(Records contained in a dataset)

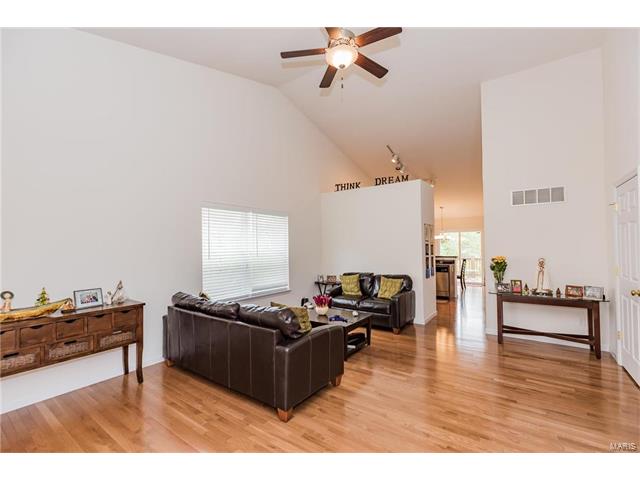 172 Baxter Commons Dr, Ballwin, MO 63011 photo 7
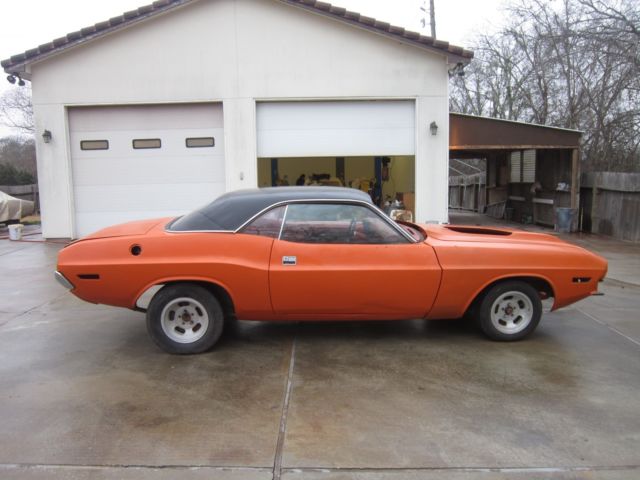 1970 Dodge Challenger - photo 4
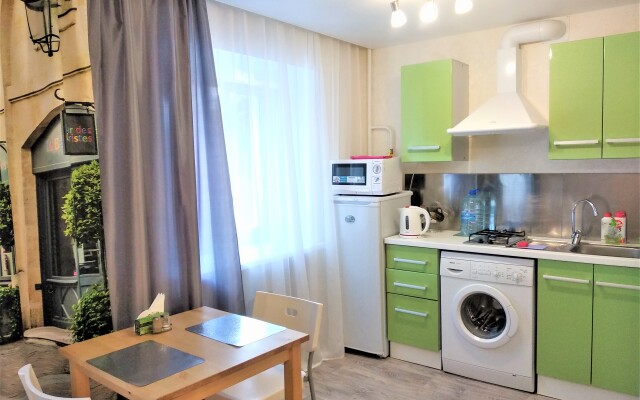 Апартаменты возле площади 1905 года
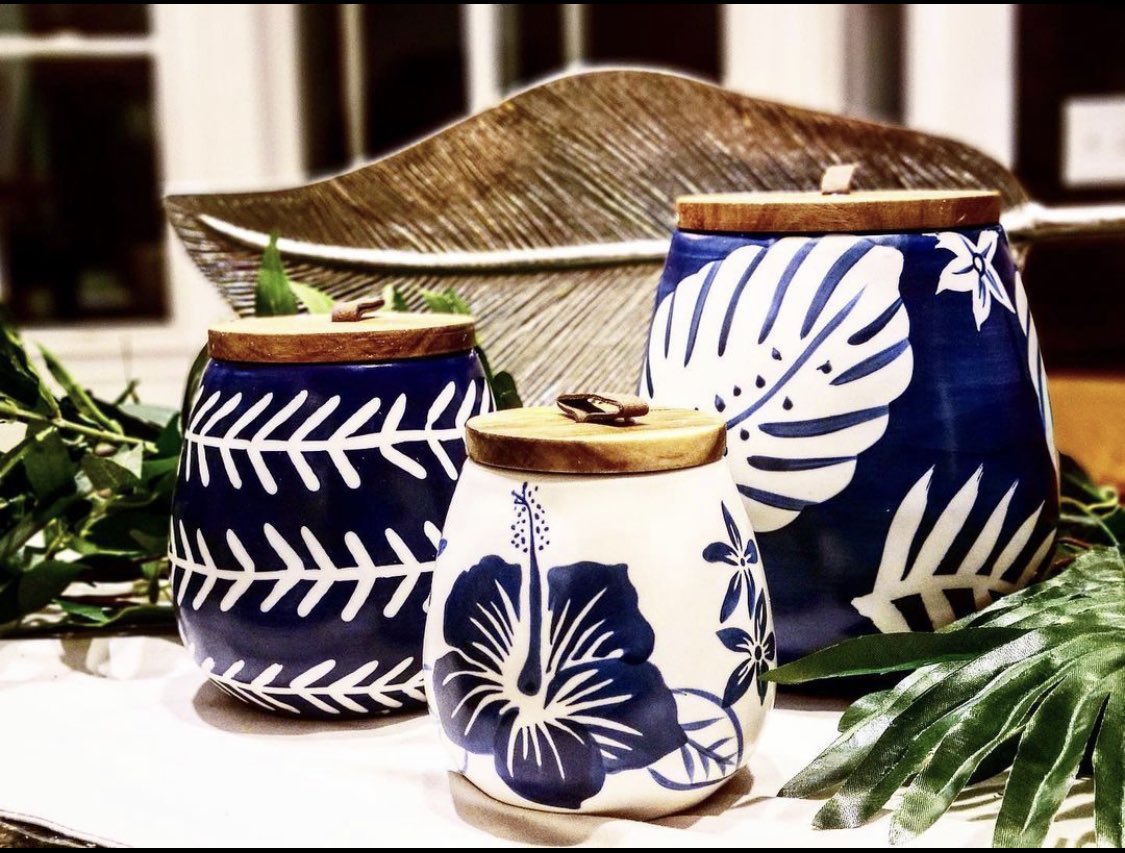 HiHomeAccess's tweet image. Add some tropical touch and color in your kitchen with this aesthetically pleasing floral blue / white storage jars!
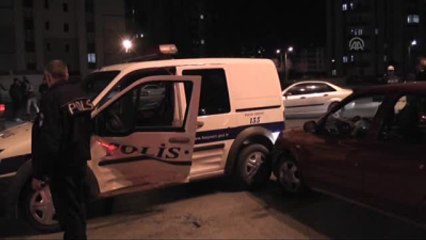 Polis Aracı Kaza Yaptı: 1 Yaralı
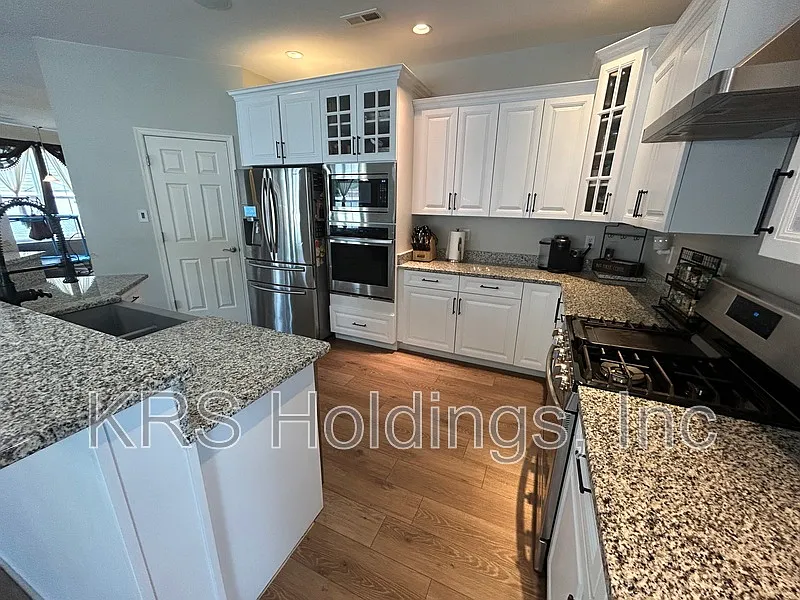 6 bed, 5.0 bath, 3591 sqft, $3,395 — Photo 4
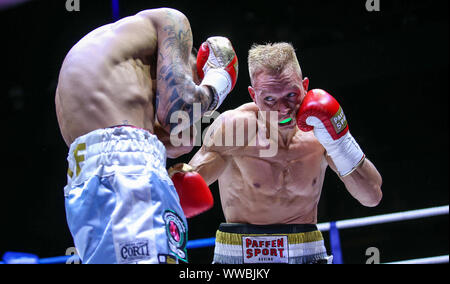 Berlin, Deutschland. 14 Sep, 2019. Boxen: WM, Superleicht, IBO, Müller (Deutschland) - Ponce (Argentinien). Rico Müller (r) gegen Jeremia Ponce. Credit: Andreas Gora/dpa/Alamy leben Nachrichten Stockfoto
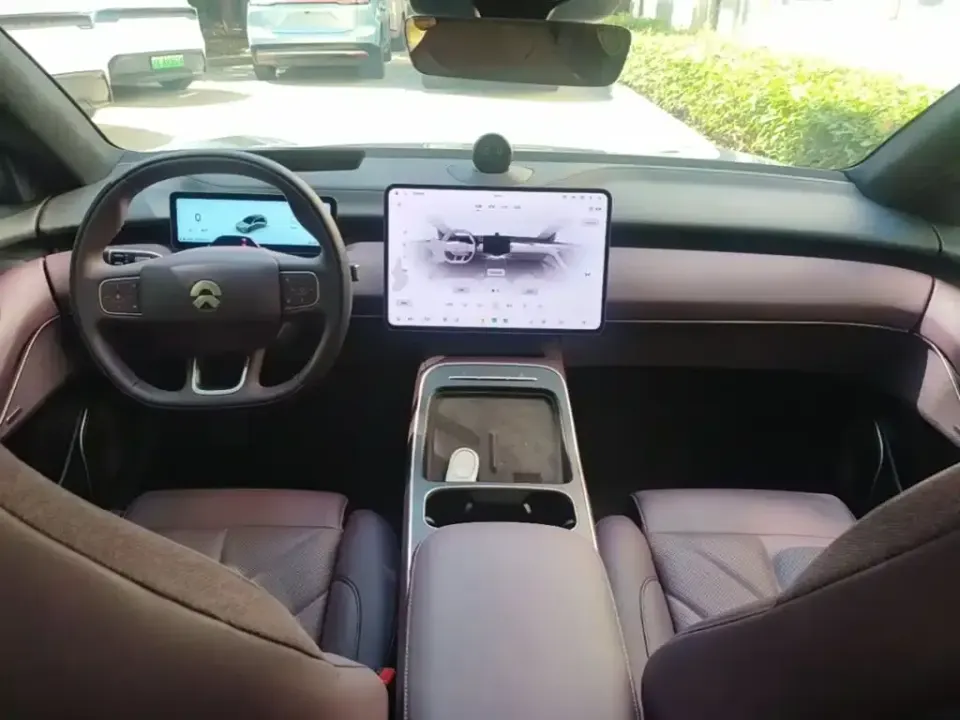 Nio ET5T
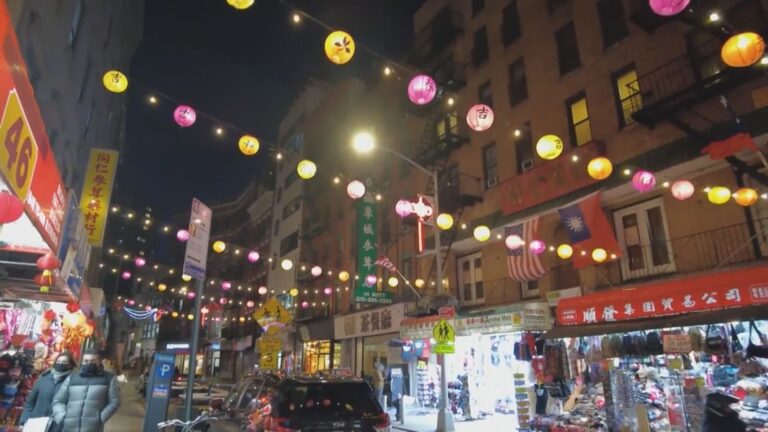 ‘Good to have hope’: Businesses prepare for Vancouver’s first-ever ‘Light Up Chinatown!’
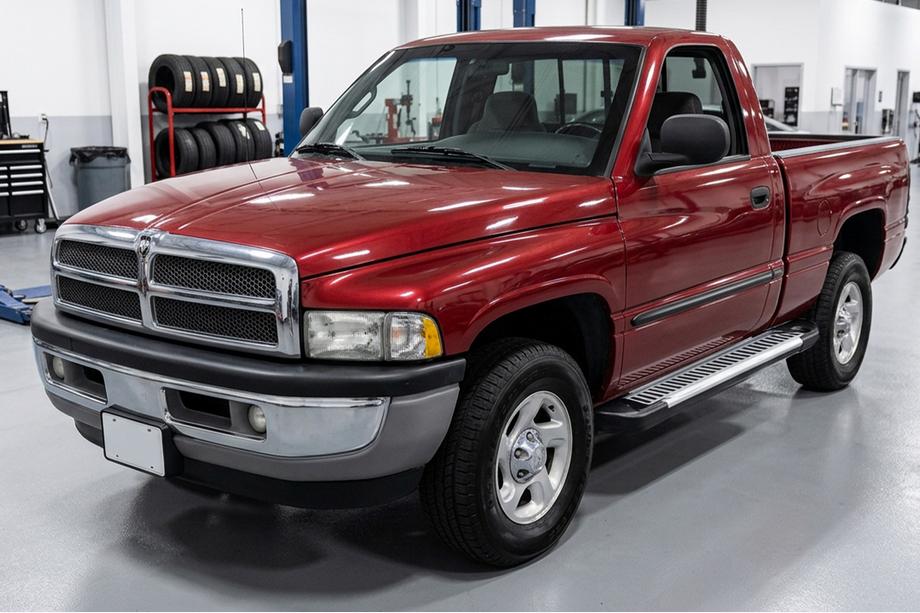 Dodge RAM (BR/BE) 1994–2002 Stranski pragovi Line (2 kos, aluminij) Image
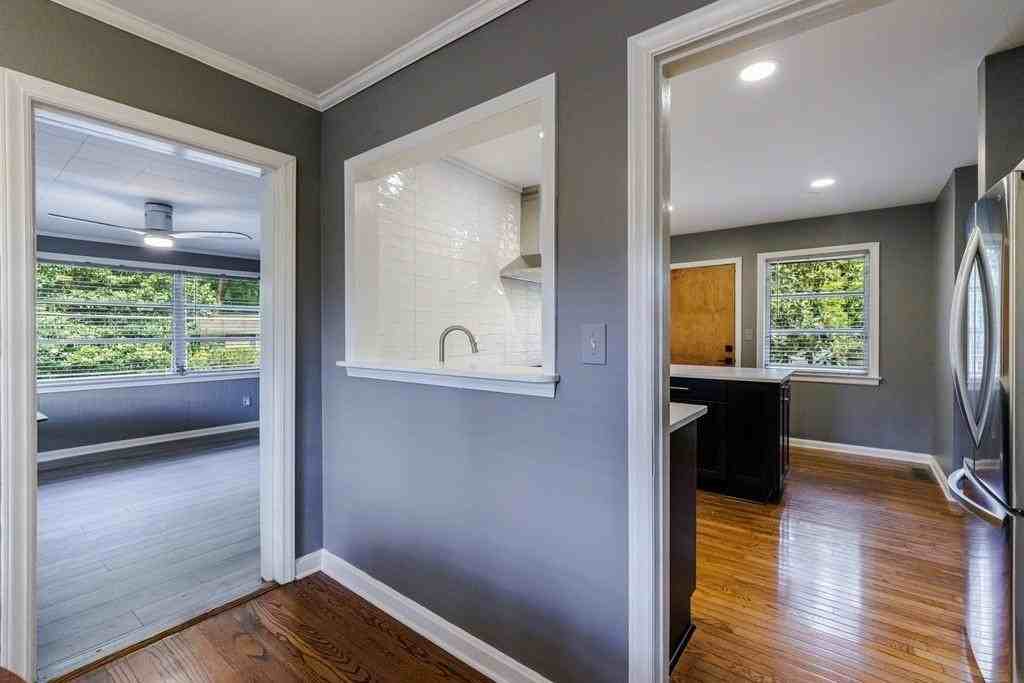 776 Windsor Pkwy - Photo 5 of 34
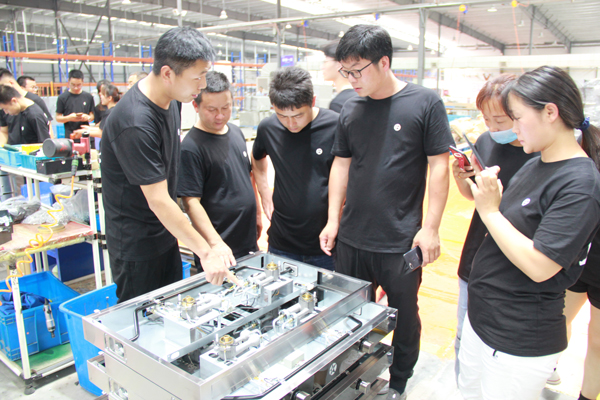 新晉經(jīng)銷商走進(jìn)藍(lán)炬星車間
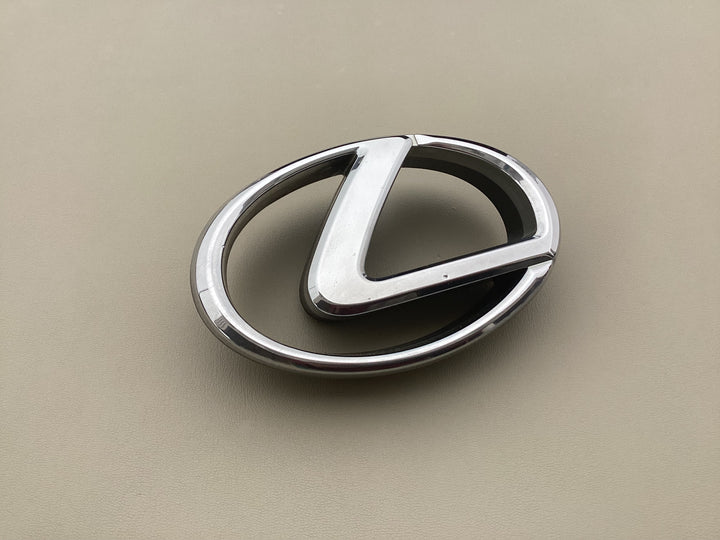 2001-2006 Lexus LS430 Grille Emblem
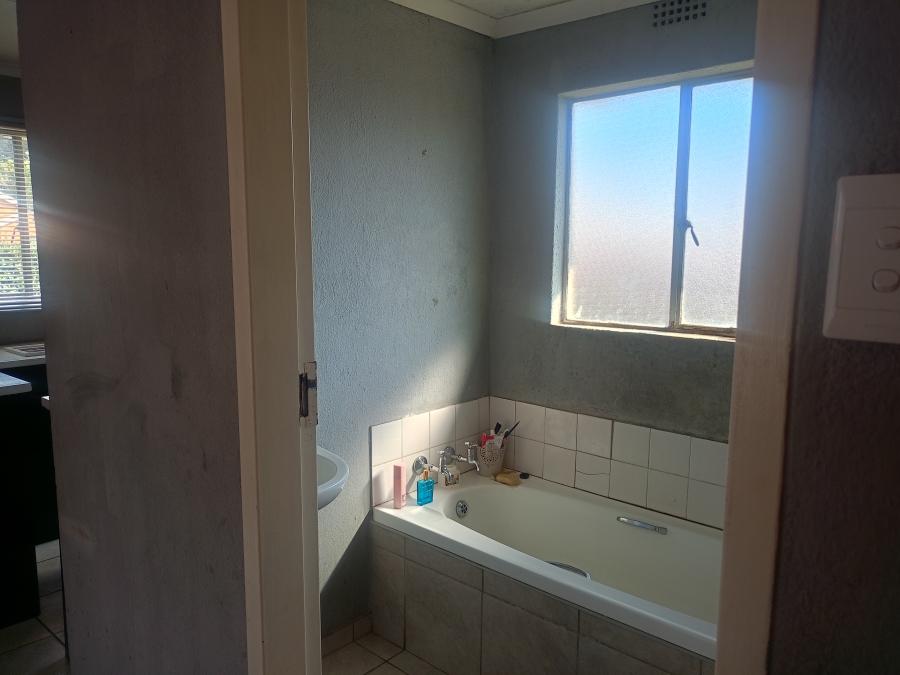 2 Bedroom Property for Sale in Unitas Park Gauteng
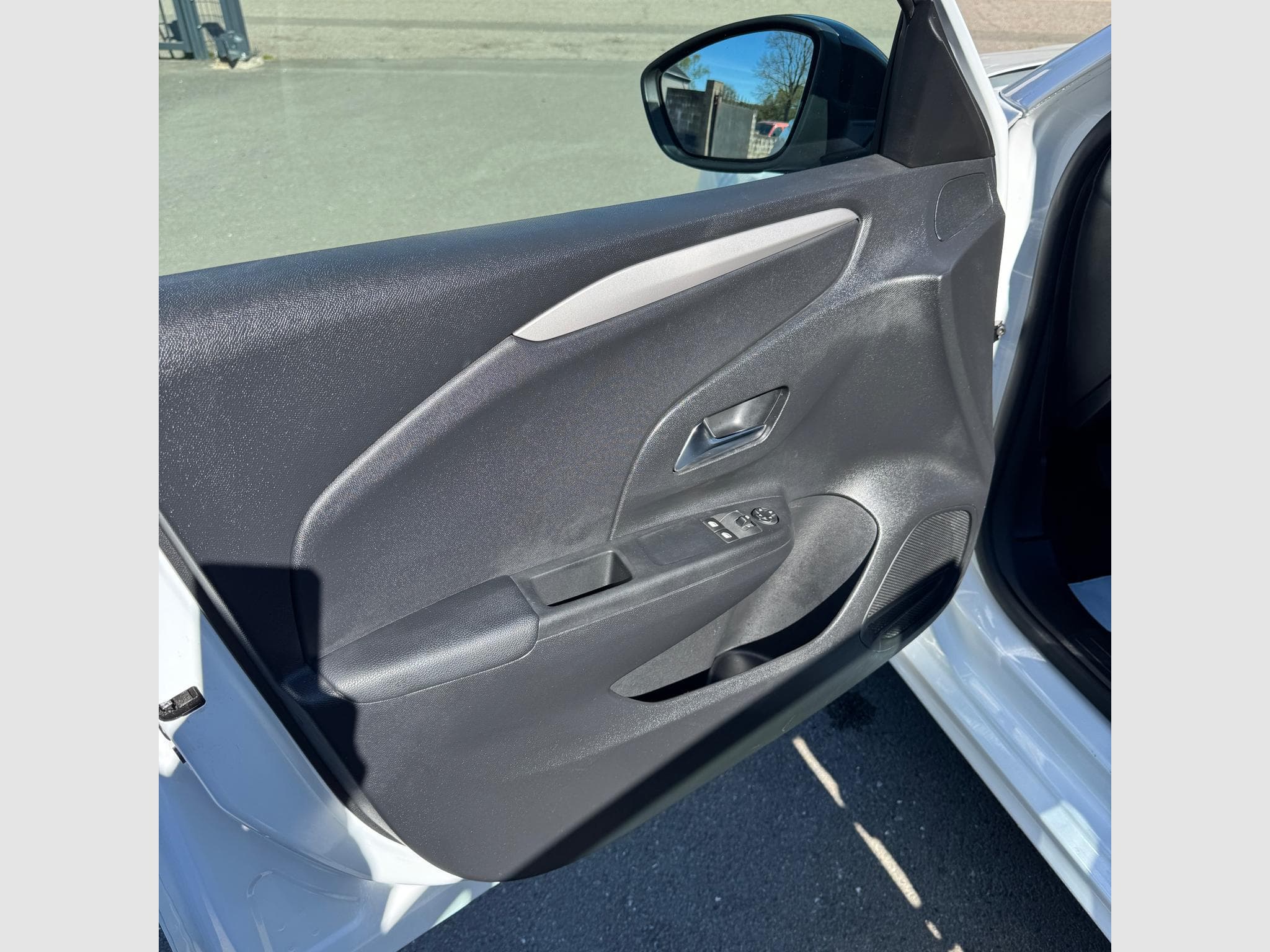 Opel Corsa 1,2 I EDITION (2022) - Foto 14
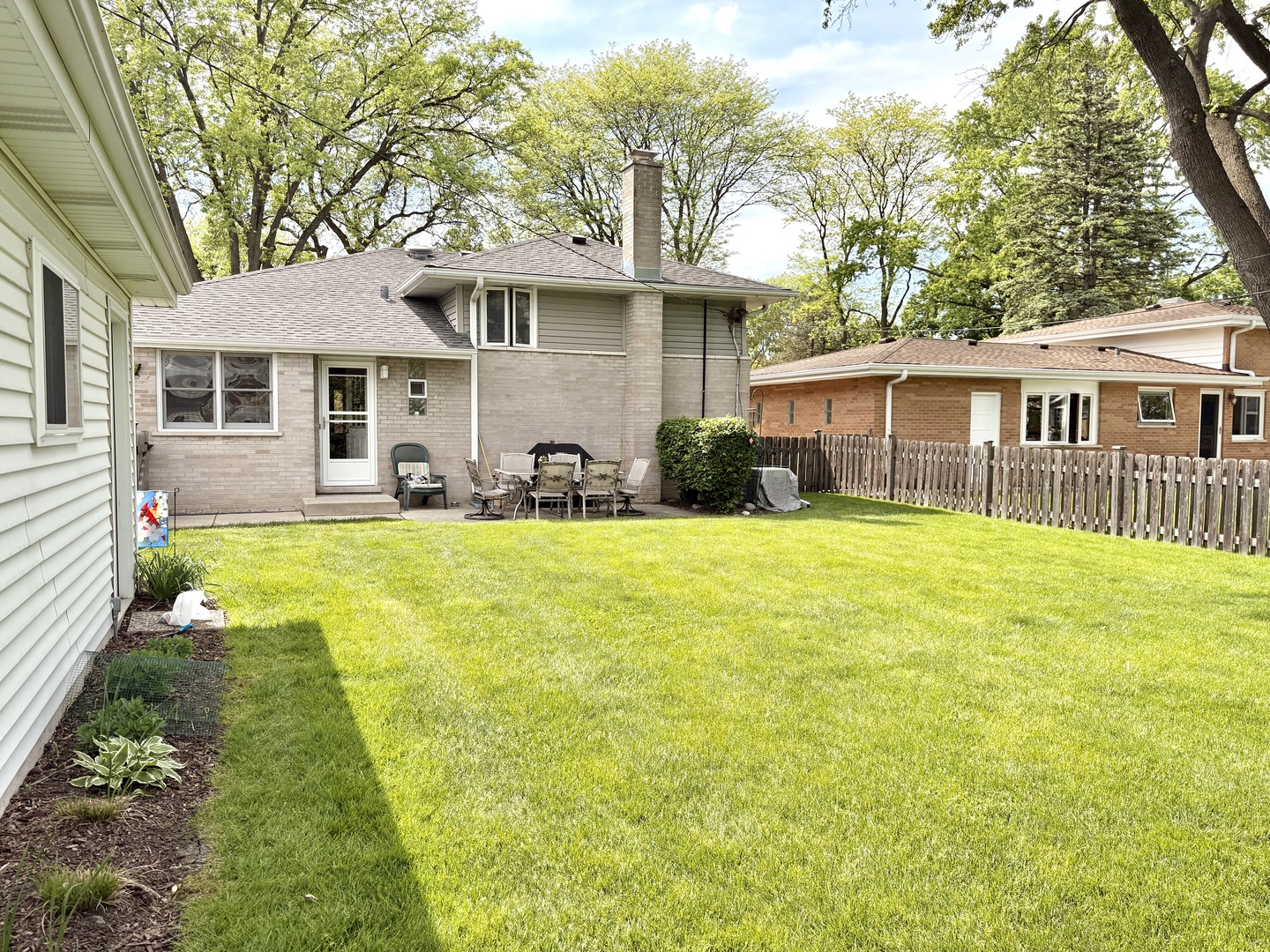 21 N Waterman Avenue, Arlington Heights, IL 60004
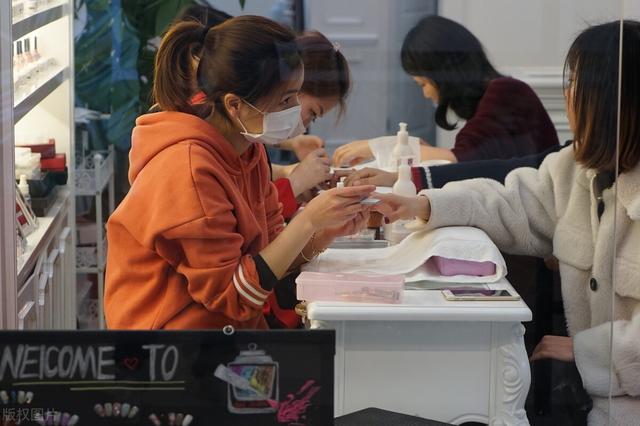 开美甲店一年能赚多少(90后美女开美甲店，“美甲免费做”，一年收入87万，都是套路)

# EXERCISE DETAILS
Retype the line containing "776 Windsor Pkwy - Photo 5 of 34" and each line after it through the last line of the entries above, exactly, with no pictures and nothing else.

# SOLUTION FOR THIS TASK
 776 Windsor Pkwy - Photo 5 of 34
 新晉經(jīng)銷商走進(jìn)藍(lán)炬星車間
 2001-2006 Lexus LS430 Grille Emblem
 2 Bedroom Property for Sale in Unitas Park Gauteng
 Opel Corsa 1,2 I EDITION (2022) - Foto 14
 21 N Waterman Avenue, Arlington Heights, IL 60004
 开美甲店一年能赚多少(90后美女开美甲店，“美甲免费做”，一年收入87万，都是套路)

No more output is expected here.